Verifica-se ainda na expressão faceta de um personagem da comédia dos "Pássaros de Aristóteles":

"Antigamente Picus foi Zeus". Também nas terras itálicas, onde a antiga cultura pelasgica deixou seus vestígios, encontramos o velho rei Picus, deus e rei do Lácio, do qual se acham tradições esparsas na "Eneide de Virgílio (VII-170)" ou nas "Metamorfoses de Ovídio (XVI-320)".

 

Plutarco nas suas "Questões Romanas"registra tradições e costumes populares romanos em forma de perguntas e respostas. Uma delas reza:

- Porque é que os romanos veneram e honram o pica-pau e não consentem que aquela ave se faça algum dano?

 

Plutarco responde:

- É porque Picus por encantamento e bruxaria da esposa foi mudado em ave e sob esta espécie emitiu oráculos e vaticinios.

 

"Isso, continua Plutarco, deve ser uma fábula ou história incrível. Há outro conto que parece melhor e mais próximo da verdade e é que, quando Rômulo e Remo foram expostos à morte e amamentados por uma loba, foi visto um pica-pau que lhe trazia algum alimento.

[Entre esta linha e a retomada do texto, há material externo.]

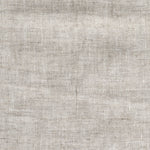 By Mölle's Flax linen, crafted from 100% pre-washed European flax linen, features a natural, earthy tone achieved through chambray weaving with flax and off-white yarns. This breathable and hypoallergenic fabric offers comfort year-round. Handmade in the Netherlands with respect for the earth.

Eis porque é uma ave sagrada".

 

                            

Podemos concluir, portanto, que o pica-pau era honrado como um pássaro profeta, porque era a metamorfose do rei Picus, célebre por seus dons de adivinhação. Guiava os viajantes nas estradas e voava para caverna de Remo e Rômulo trazendo alimentos e era ainda o pássaro sagrado de Martes-Ares, deus da guerra.

 

Entre os índios da América do Norte, o pica-pau é um pássaro benéfico e acreditam que ele os protegem contra relâmpagos e tempestades. Essa crença explica o emprego de penas de pica-pau em alguns rituais. Para os "pawnee", também é símbolo de segurança e fertilidade, garantindo a perpetuação da espécie.

 

Carl Jung visualizou neste pássaro, o símbolo do renascimento, porque fura nas árvores. É a "reentrada na mãe, figurada por este pássaro socorredor, imagem libertadora do pensamento, desejo nascido da introversão".

 

Em algumas regiões, toma o apelido de "advogado dos moleiros", por seu canto parecer clamar por chuva, que segundo as crenças populares é o único motivo que lhe leva a desalterar. Várias lendas explicam o devido motivo.

 

Na Gironda, conta-se que certa vez, Deus encarregou os pássaros de cavar os oceanos, rios, lagos e fontes. Todos se puseram ao trabalho, enquanto que o pica-pau negou-se a cumprir a tarefa. Deus, para puni-lo pela desobediência, decidiu que só poderia desalterar-se bebendo da chuva, apanhando-a no ar como pudesse.

 

 

Já a lenda de Dinã, conta uma história diferente. Depois do Dilúvio Universal, quando a terra já encontrava-se totalmente seca, Deus ordenou aos pássaros que fossem procurar uma gota de orvalho nas árvores celestes, para preencherem os mares e rios. Todos se dispuseram a cumprir o ordenado, menos é claro, o pica-pau. Foi condenado pelo seu descaso às ordens divinas a nunca se desalterar nos regatos e nas fontes e é por isso que, quando a sede o devora, ele bate desesperadamente nos troncos das árvores com o bico, na esperança de encontrar neles a gota de orvalho celeste que se negou de procurar.

 

Em todas estas lendas e crenças sobre o pica-pau há algo grandioso e por mais insignificantes que pareçam, se conservaram entre as distâncias dos séculos, entre diferentes raças e línguas, na admirável unidade do pensar humano. Quem somos nós para desprezarmos este cultuado conhecimento? Permita que a herança das almas invada seu coração e voe com esta sagrada ave que é o pica-pau.